▼▼▼

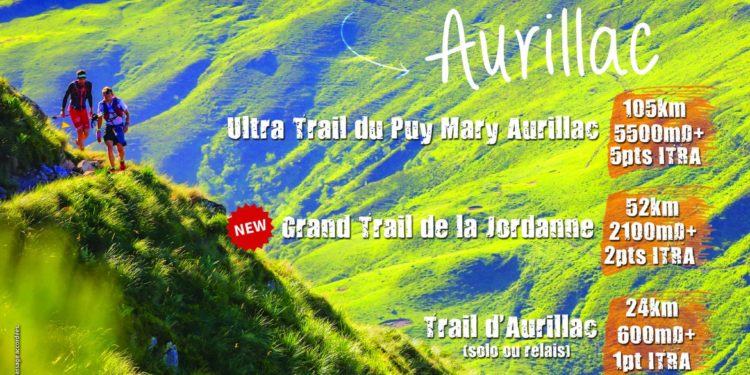 Nouveau : l’Ultra Trail du Puy Mary Aurillac va proposer un 50 km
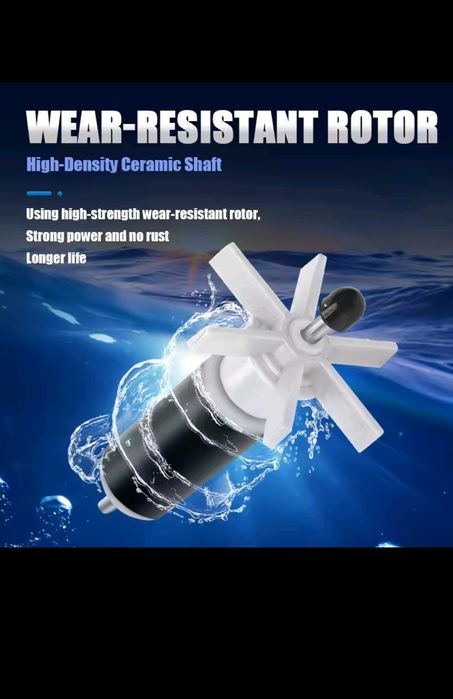 Bomba de água. 25w Nova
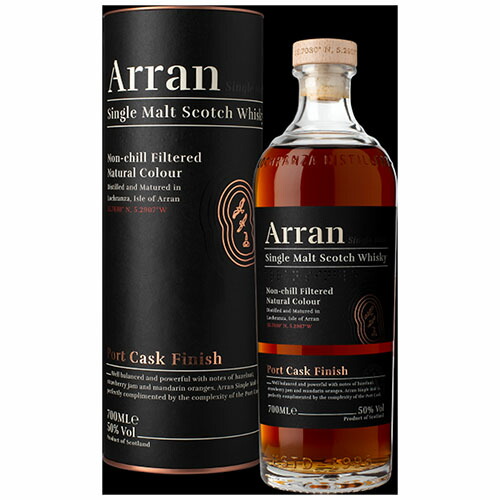 ワインカスクシリーズ　アラン ポートカスク　50度 700ml
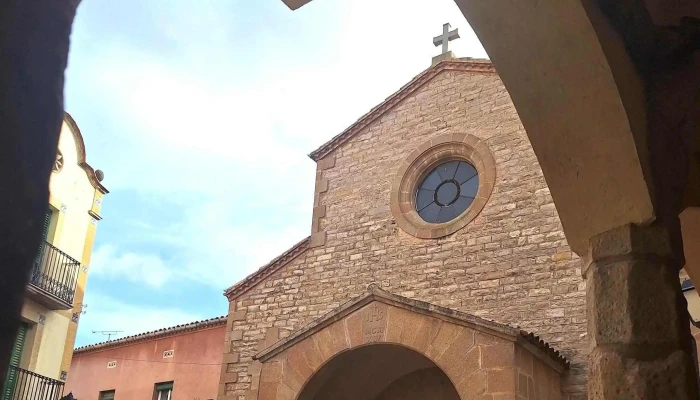 Iglesia De La Virgen Del Rosario -  Comentario 4 - Castellfollit De Riubregós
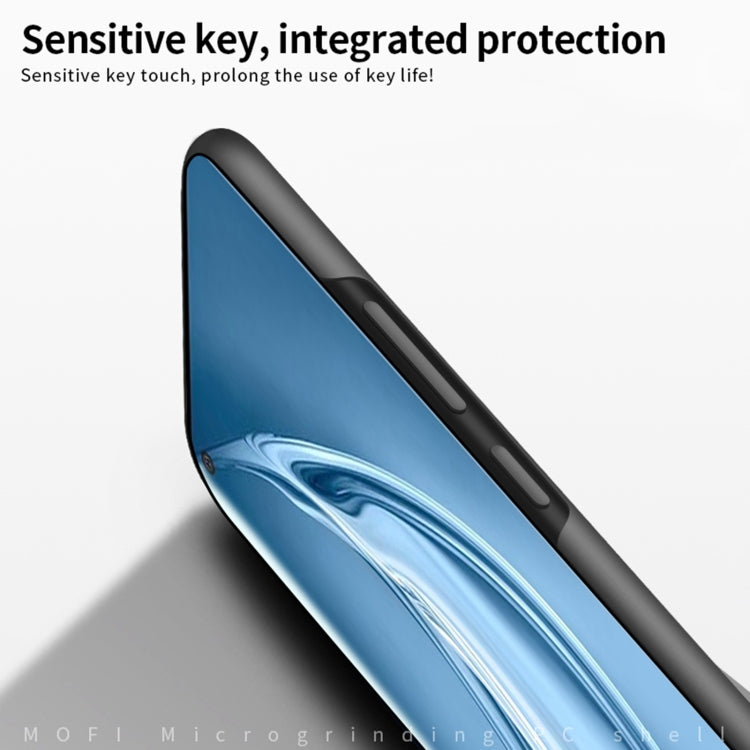 For Xiaomi Mi 10S MOFI Frosted PC Ultra-thin Hard Case(Rose Gold) - free shipping - PMC TechLife - Order now!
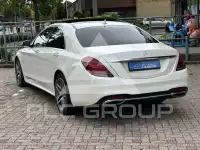 2018 Mercedes Benz S 400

▲▲▲

EXERCISE PROMPT: Lines before the one containing "ワインカスクシリーズ　アラン ポートカスク　50度 700ml" are not wanted; write out that line and every later line through the end of the data above, exactly, without pictures.

ANSWER TO THE EXERCISE:
 ワインカスクシリーズ　アラン ポートカスク　50度 700ml
 Iglesia De La Virgen Del Rosario -  Comentario 4 - Castellfollit De Riubregós
 For Xiaomi Mi 10S MOFI Frosted PC Ultra-thin Hard Case(Rose Gold) - free shipping - PMC TechLife - Order now!
 2018 Mercedes Benz S 400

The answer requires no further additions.